I'm getting ready to seal some furniture I made with polyeurethane. I know you are supposed to sand between coats with like 220 grit. My question is can I use a 5" orbital sander or does it really need to be done by hand with a block? I've never worked with the stuff before, so I wanted to ask before I messed around and ruined my finish by doing it wrong!


----------



## cabinetman (Jul 5, 2007)

6SpeedSD said:


> I'm getting ready to seal some furniture I made with polyeurethane. I know you are supposed to sand between coats with like 220 grit. My question is can I use a 5" orbital sander or does it really need to be done by hand with a block? I've never worked with the stuff before, so I wanted to ask before I messed around and ruined my finish by doing it wrong!
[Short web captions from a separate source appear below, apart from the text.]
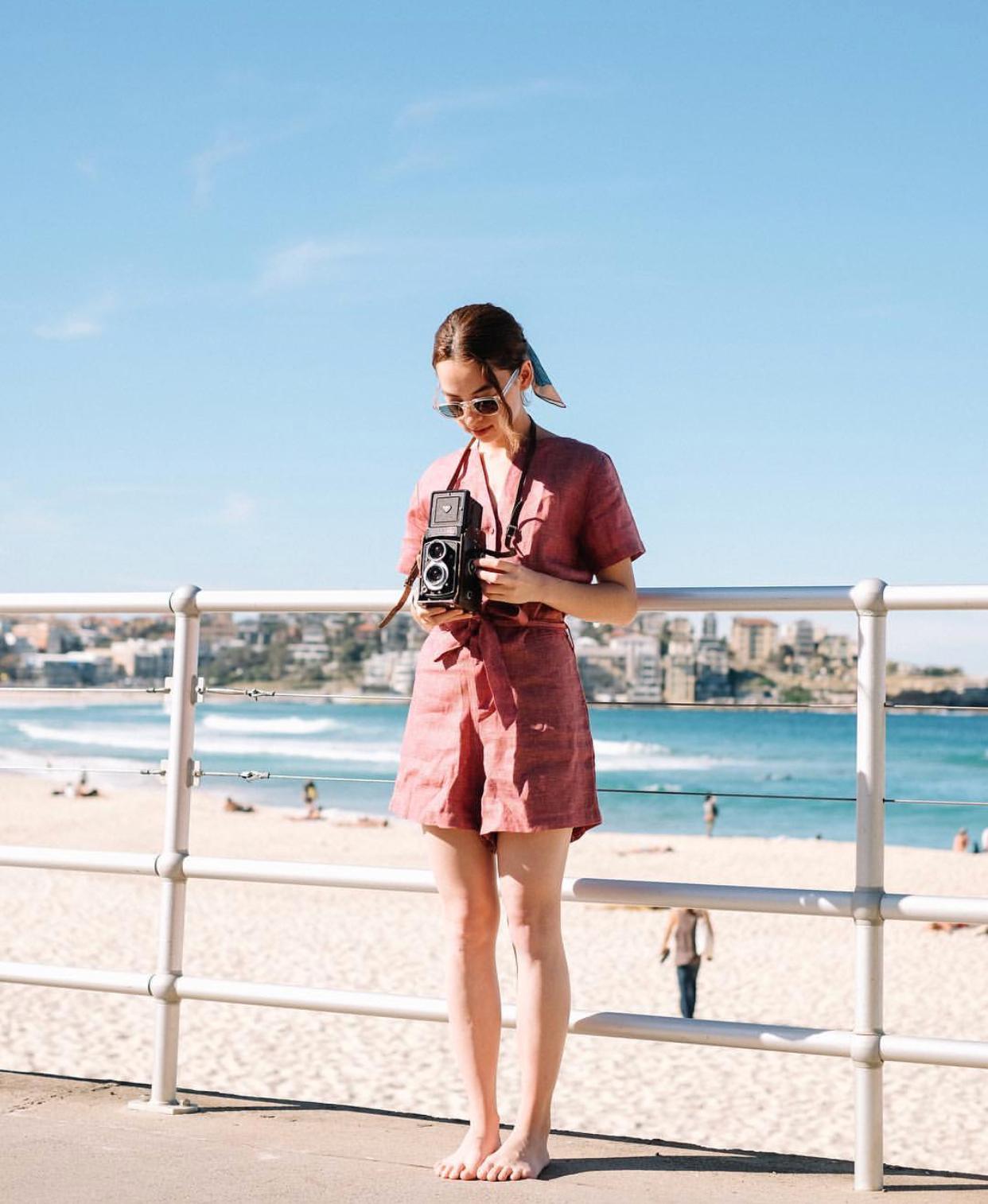 Behers Japanese Linen playsuit ชุดจั้มสูทขาสั้นผ้าลินิน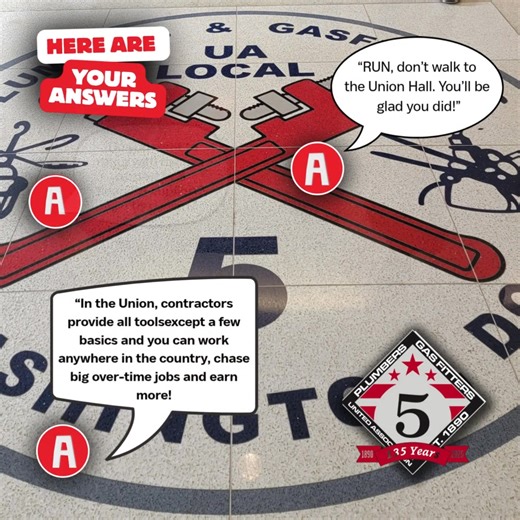🛠️ Questions & Answers "Thinking of jumping ship to the Union (Local 5 DC)" QUESTION: "I’m in my second year of a non-union apprenticeship. The work environment is rough—no proper equipment, no support. I want to make a change in my life for the better and my future. I’ve got 4,000 hours and finish trade school next month. I’m ready to make a change. I’d love to hear from current union members—pros and cons." The answers are in—and they’re powerful. Learn more about working with us here: https: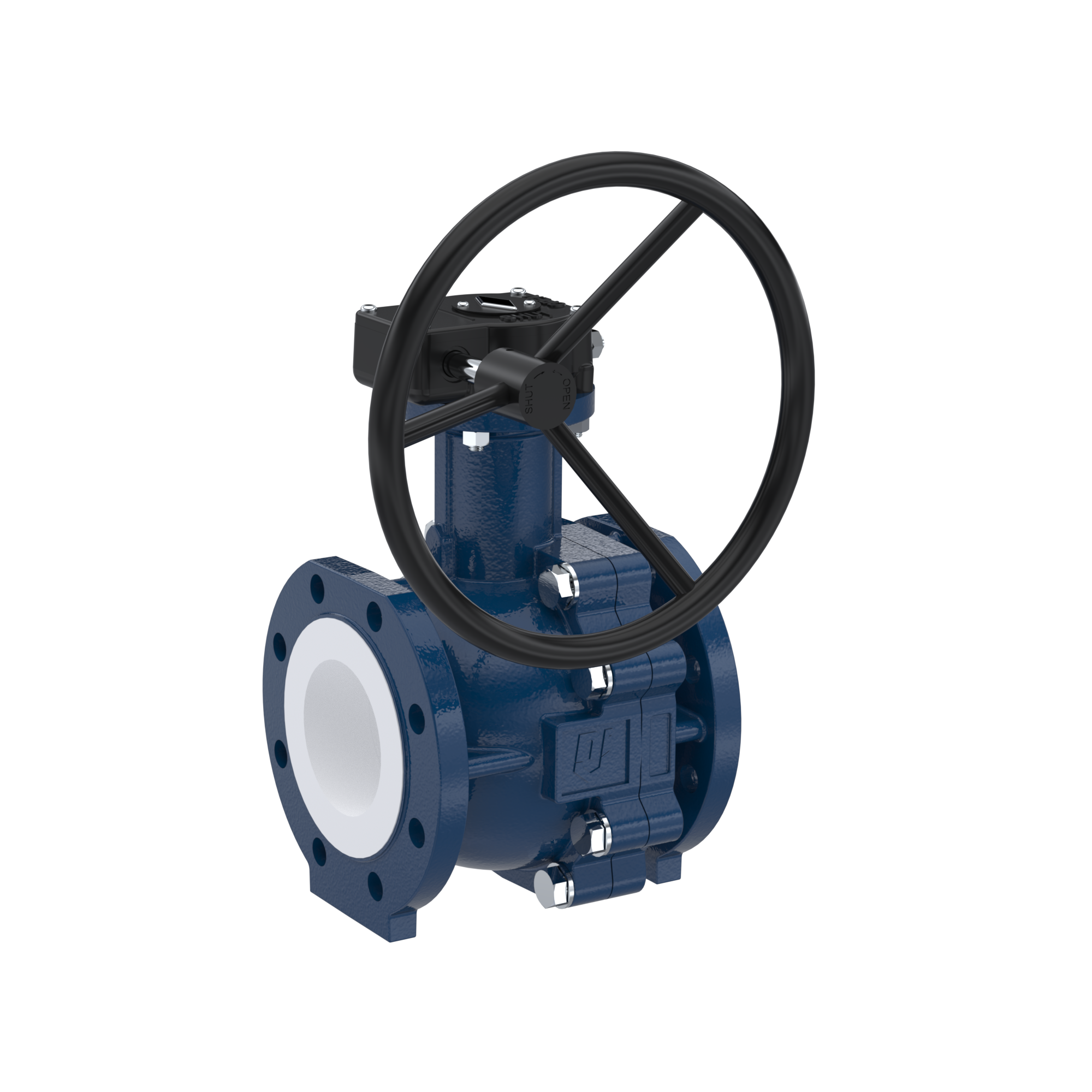 PFA-flange ball valve FK13 DN100 - 4" inch ANSI 150 made of spheroidal graphite cast iron with worm gear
The finish should be cured. If not it will get gummy. I prefer to use 320x in between coats and do it by hand. 












 









.


----------



## 6SpeedSD (Jan 21, 2011)

Cured? As in heat cured?

I'm still new at all this so I apologize if that's a dumb question!


----------



## Geoguy (Feb 22, 2008)

*Read the label and follow product instructions*

The term "cured" can be confusing when speaking of polyurethane. To fully "cure" polyurethane can take three days or more. There's no need to wait three days between coats if "lightly sanding" to promote adhesion of the next coat. The product instructions may say to wait 24-hours and "lightly sand" (meaning by hand) between coats. I have used a random orbital sander between coats but it's probably too agressive and I don't especially recommend it.


----------



## 6SpeedSD (Jan 21, 2011)

Well I've applied one coat, and it looks and feels dry to the touch. It's been about 2 hours since I put it on. It feels rough to me. I know lightly sanding will
smoothen it out, but won't the next coat do the same thing?


----------



## PaperJam (Jul 31, 2010)

I like to use 220 after my first coat to knock down any bubbles and such, then I use 1000grit automotive sandpaper from Autozone between additional coats, then 2000grit after the final coat. 

It is all VERY light sanding, just enough to make it smooth unless there are obvious runs that need fixin. 

I used to use tack cloth after sanding to remove dust but recently switched to microfiber towels with excellent results. The microfiber towels will also tell you if you need to sand more because it acts like velcro on rough surfaces.


----------



## PaperJam (Jul 31, 2010)

6SpeedSD said:


> I know lightly sanding will
> smoothen it out, but won't the next coat do the same thing?


Your coats will get progressively smoother. I would wait at least 4-6 hours before you TEST sand or you risk making a big gummy smear spot that won't easily fix.


----------



## 6SpeedSD (Jan 21, 2011)

Sounds good. I'll let it sit overnight and give it a light once over. One of my pieces had a few bubbles pop out, but the other didn't. No runs so I'm good there.


----------



## 6SpeedSD (Jan 21, 2011)

I sealed a 3rd piece late this afternoon. 24"x12"x12" toy box for my son. All made of poplar. Only applied one coat, and it turned out perfect! The table I stained was also made of poplar, but it is really rough feeling. Why would one piece dry so smooth then the other so rough? And the piece that bubbles up on me was red oak.


----------



## Mizer (Mar 11, 2010)

As others have said if it is not cured it will gum up. When it is dry it will leave a white dust. I use a wipe on poly, mainly because I think over all it is quicker than spraying, unless you are doing a whole set of cabinets or something like that. The first two coats I cut (dilute) with mineral spirits. The last two are full strength. I use a sanding sponge between coats. I like to use the fine grit which is about 180. The first two sandings/coats I am just going over it pretty quick the third I take my time a little more and try to flatten (eliminating most shinny spots. The last sanding, which leads up to the fourth coat I take my time and get it completely flat, here is where you can get rid of any remaining swirls from sanding the wood.


----------